Order Number means the order number specified in the Order.
Ecocentric means Ecocentric Group Ltd ABN 30 155 436 918 trading as Ecocentric.
Personnel means the Supplier’s officers, employees, delegates, subcontractors, partners, agents and service providers of any nature.
Policies and Guidelines means all of Ecocentric’s policies and guidelines as varied from time to time.
Order Price means the price payable in respect of the Order which shall be calculated using the agreed unit rates and lumpsum prices as shown on the Order.
Services means the services provided or to be provided by the Supplier under the Agreement.
Service Levels means:
(a) the exercise of that degree of skill, diligence, prudence and foresight that would reasonably be expected from a reputable and prudent contractor in performing services similar to the Services under conditions comparable to those applicable under the Agreement;
(b) the service levels, standards and codes as would ordinarily be applied in the circumstances; and
(c) ensure the safety of persons and property.
Supplier means the party supplying the Goods, as stated on the Order.
Term means the period specified in the Order.
Terms means Ecocentric’s standard purchase order terms and conditions.
Warranty Period means the warranty period specified in the Order or, if no warranty period is specified, a period of 12 months from the date on which the Supplier delivers the last of the Goods to the Delivery Address.
2. If at the time Ecocentric issues an Order, Ecocentric and the Supplier are parties to a contract covering supply of the Goods, Ecocentric will quote the relevant contract number in the Order. The Terms will not apply to the Order, other than this clause 2. Quotation in the Order or notification of the relevant contract number constitutes conclusive evidence that the relevant contract applies to the Order.
3. Subject to any contract prevailing over the Terms under clause 2, by issuing the Order to the Supplier, Ecocentric offers to purchase the Goods and/or Services from the Supplier on the Terms. By accepting the Order, the Supplier agrees to supply the Goods and/or perform the Services on the Terms. Unless stated otherwise in the Order, an Order expires if it has not been fully accepted within 10 Business Days of the date of the Order. A partial acceptance of an Order constitutes a rejection of the Order unless the Order specifically states that it may be accepted as to certain identified parts only.
Date for Delivery and Milestones
4. Time is of the essence in this Agreement. The Supplier must deliver the Goods to the Delivery Address by no later than the Date for Delivery and/or commence and complete the Services by the Date for Commencement of the Services and the Date for Completion of the Services respectively and in accordance with the Milestones.
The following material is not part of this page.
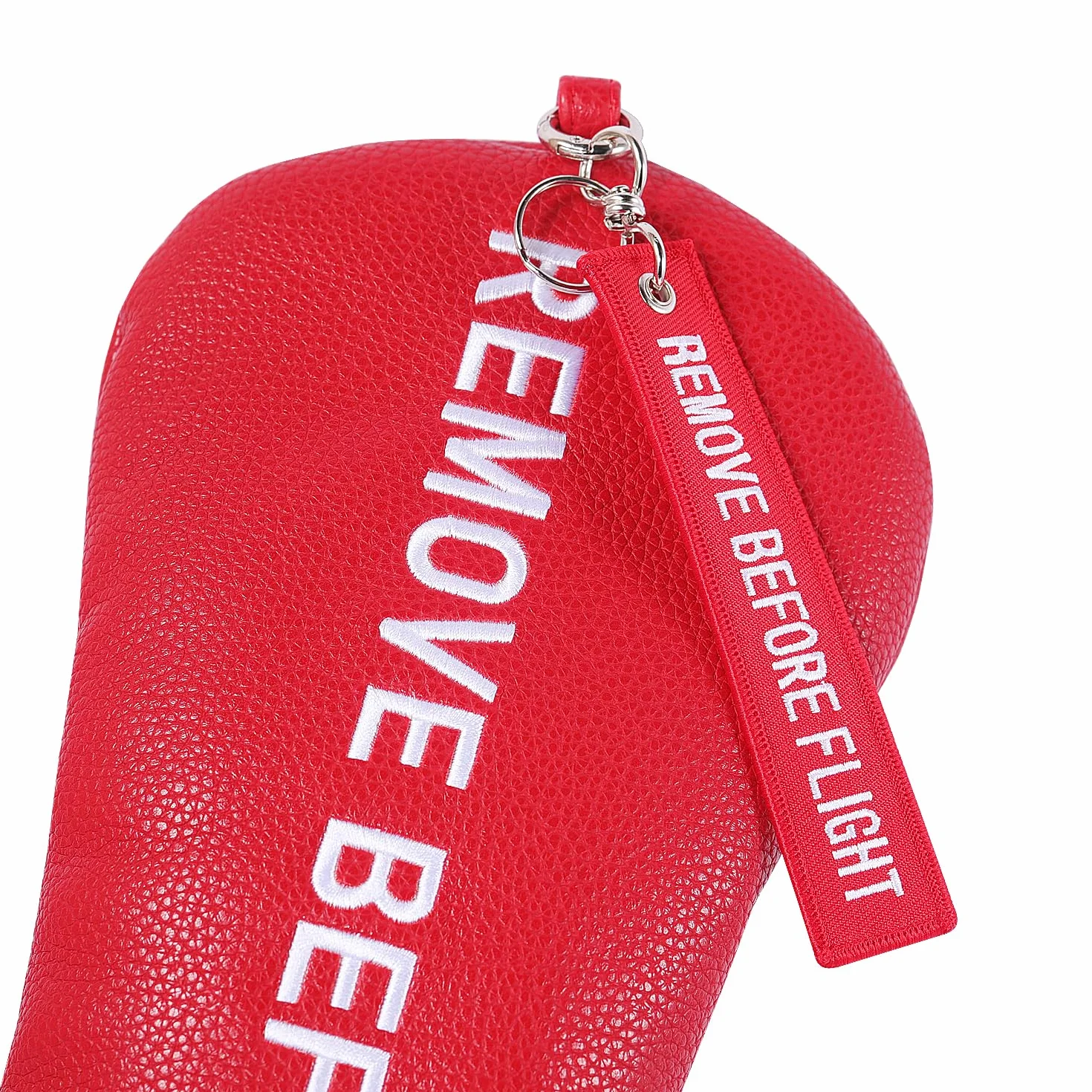 Funda roja para cabeza de golf con diseño de quitar antes de vuelo para palo de conductor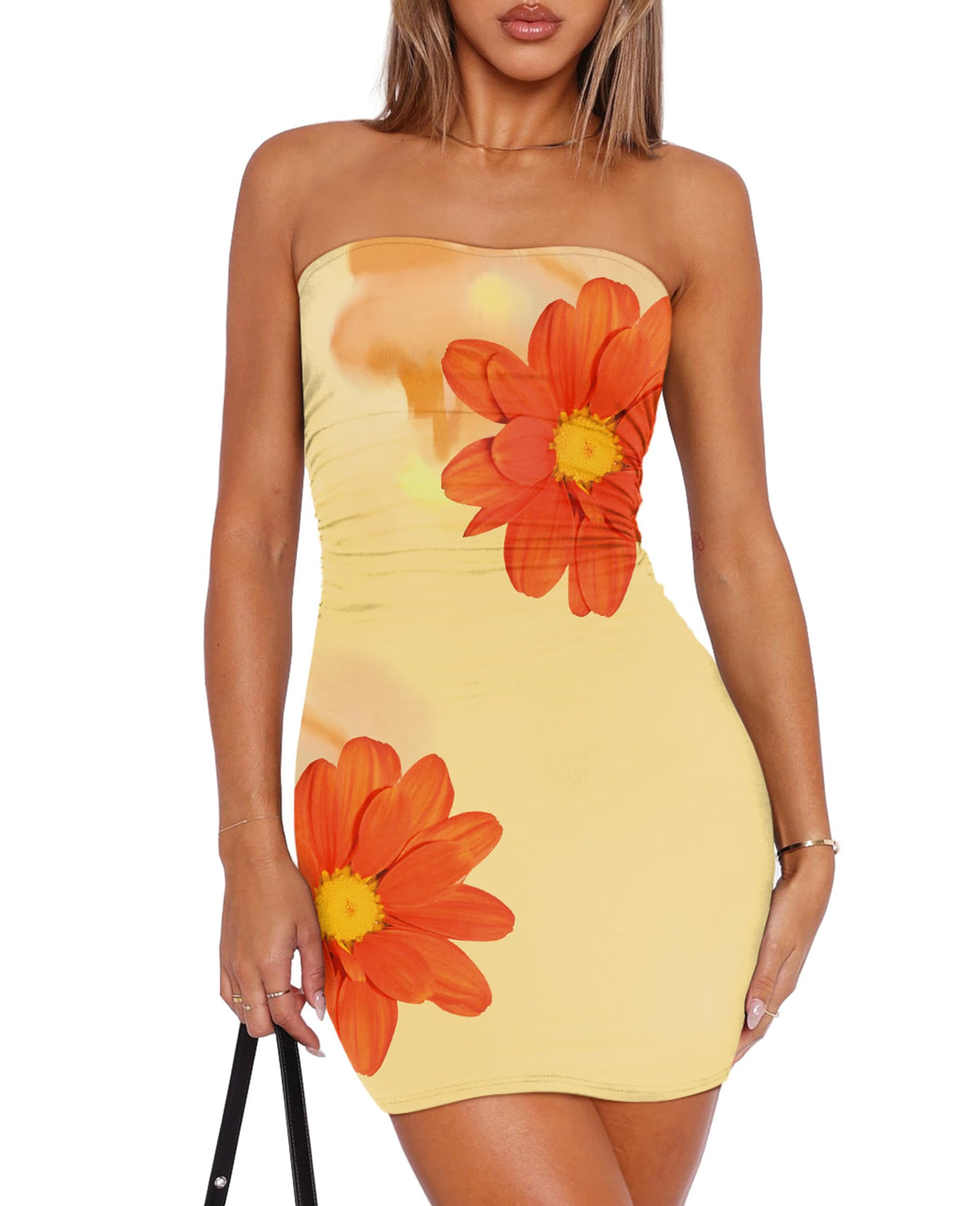 OFEEFAN Summer Dresses for Women 2025 Strapless Ruched Party Club Bodycon Mini Dress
5. If the Supplier is unable to deliver the Goods by the Date for Delivery, and /or unable to provide and complete the Services in accordance with the Milestones and/or the Date for Completion of the Services, the Supplier must immediately notify Ecocentric. Ecocentric reserves the right, in its absolute discretion, to terminate the Order by two Business Days written notice if the alternative date for delivery and/or alternative performance and completion dates for the Services proposed by the Supplier is unacceptable to Ecocentric. The Supplier is not entitled to any payment, costs or damages from Ecocentric by reason of such termination.
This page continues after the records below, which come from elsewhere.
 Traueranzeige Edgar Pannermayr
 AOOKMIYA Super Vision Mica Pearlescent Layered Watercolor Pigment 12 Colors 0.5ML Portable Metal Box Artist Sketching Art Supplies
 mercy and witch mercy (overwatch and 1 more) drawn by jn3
6. All Goods supplied must be of merchantable quality, conform to any relevant description, specification or other requirements in the Agreement and, unless otherwise stated in the Order, be new.
7. The Supplier warrants that the Goods will be free from defects in quality, design, materials and workmanship for the Warranty Period (if any) and that the Services meet the Service Levels.
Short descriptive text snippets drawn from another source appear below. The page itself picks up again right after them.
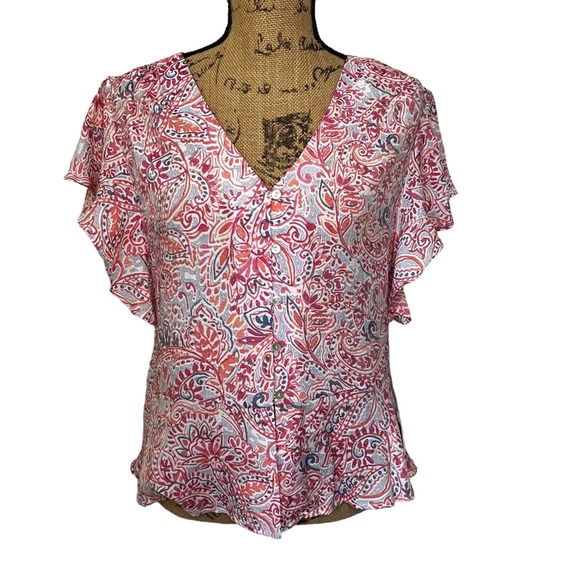 Nanette Lepore Tops - NWT Nanette Lepore Ruffle sleeve Blouse Large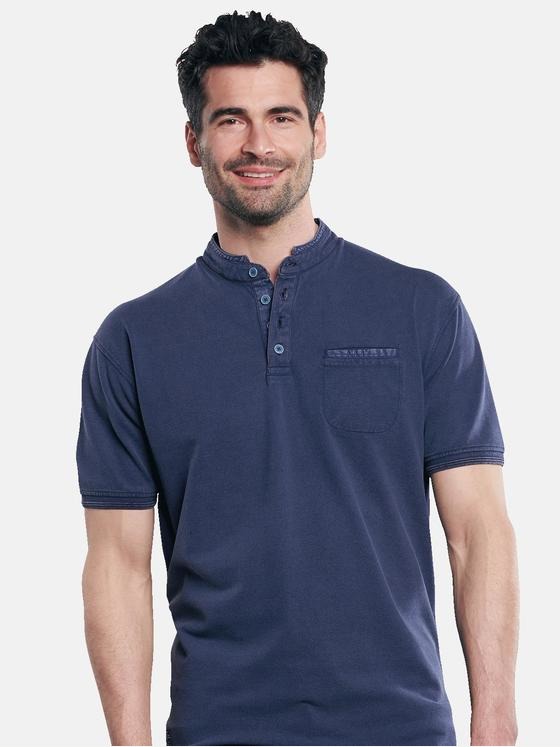 engbers Herren Serafinoshirt mit Stehkragen Indigoblau 31105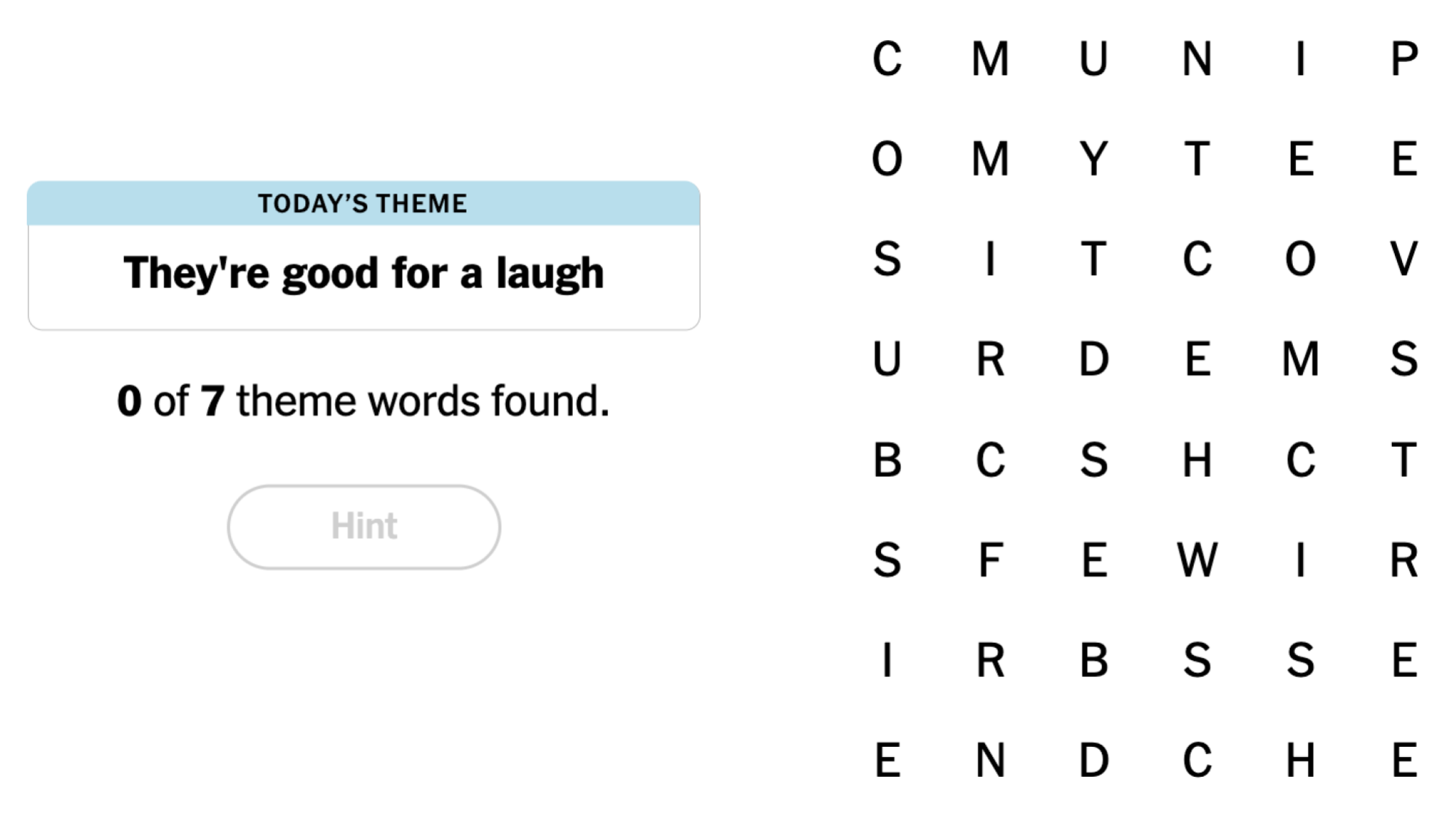 NYT Strands Board pour le 20 juin 2024: Ils sont bons pour rire.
8. The Supplier must provide the Services in accordance with the Service Levels.
9. All Goods delivered are subject to Ecocentric’s inspection and testing within a reasonable time after delivery at the Delivery Address. If, upon inspection or testing, Ecocentric finds any of the Goods to be defective, of poor quality or otherwise not in accordance with the Terms, the Supplier must, after receiving notice from Ecocentric that the Goods are rejected, collect the Goods at the Supplier’s expense. By notice, Ecocentric may at any time reject any part of or all of the Services which are defective or do not meet the Service Levels or are otherwise not in accordance with the Agreement, the Supplier must reperform the Services at Supplier’s cost and to Ecocentric’s reasonable satisfaction. Ecocentric has no liability to pay for Goods and/or Services that have been rejected under this clause 9 and the Supplier is not entitled to any costs or damages from Ecocentric by reason of such rejection.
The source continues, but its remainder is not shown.